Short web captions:
++++++++++++++++++++
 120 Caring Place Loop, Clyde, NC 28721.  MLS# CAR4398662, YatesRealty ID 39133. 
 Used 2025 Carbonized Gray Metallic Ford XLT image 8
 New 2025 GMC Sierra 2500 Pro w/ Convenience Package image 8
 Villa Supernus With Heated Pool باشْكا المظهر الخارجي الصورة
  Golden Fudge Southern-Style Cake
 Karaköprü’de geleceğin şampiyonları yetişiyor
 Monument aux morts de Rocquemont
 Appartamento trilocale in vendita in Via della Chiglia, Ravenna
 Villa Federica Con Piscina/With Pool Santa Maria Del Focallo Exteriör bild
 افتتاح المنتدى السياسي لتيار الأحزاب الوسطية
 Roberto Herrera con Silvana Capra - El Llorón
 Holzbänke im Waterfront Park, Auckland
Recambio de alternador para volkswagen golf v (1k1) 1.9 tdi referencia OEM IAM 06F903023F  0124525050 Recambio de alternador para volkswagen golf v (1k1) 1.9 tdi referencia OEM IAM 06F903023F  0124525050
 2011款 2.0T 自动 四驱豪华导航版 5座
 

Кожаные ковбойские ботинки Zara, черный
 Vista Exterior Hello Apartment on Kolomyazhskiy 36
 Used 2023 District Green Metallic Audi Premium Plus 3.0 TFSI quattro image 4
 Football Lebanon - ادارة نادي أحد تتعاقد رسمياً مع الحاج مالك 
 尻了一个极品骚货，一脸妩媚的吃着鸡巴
++++++++++++++++++++
__Task to complete__: Exactly reproduce all of the entries above.

__Task solution__:
 120 Caring Place Loop, Clyde, NC 28721.  MLS# CAR4398662, YatesRealty ID 39133. 
 Used 2025 Carbonized Gray Metallic Ford XLT image 8
 New 2025 GMC Sierra 2500 Pro w/ Convenience Package image 8
 Villa Supernus With Heated Pool باشْكا المظهر الخارجي الصورة
  Golden Fudge Southern-Style Cake
 Karaköprü’de geleceğin şampiyonları yetişiyor
 Monument aux morts de Rocquemont
 Appartamento trilocale in vendita in Via della Chiglia, Ravenna
 Villa Federica Con Piscina/With Pool Santa Maria Del Focallo Exteriör bild
 افتتاح المنتدى السياسي لتيار الأحزاب الوسطية
 Roberto Herrera con Silvana Capra - El Llorón
 Holzbänke im Waterfront Park, Auckland
Recambio de alternador para volkswagen golf v (1k1) 1.9 tdi referencia OEM IAM 06F903023F  0124525050 Recambio de alternador para volkswagen golf v (1k1) 1.9 tdi referencia OEM IAM 06F903023F  0124525050
 2011款 2.0T 自动 四驱豪华导航版 5座
 

Кожаные ковбойские ботинки Zara, черный
 Vista Exterior Hello Apartment on Kolomyazhskiy 36
 Used 2023 District Green Metallic Audi Premium Plus 3.0 TFSI quattro image 4
 Football Lebanon - ادارة نادي أحد تتعاقد رسمياً مع الحاج مالك 
 尻了一个极品骚货，一脸妩媚的吃着鸡巴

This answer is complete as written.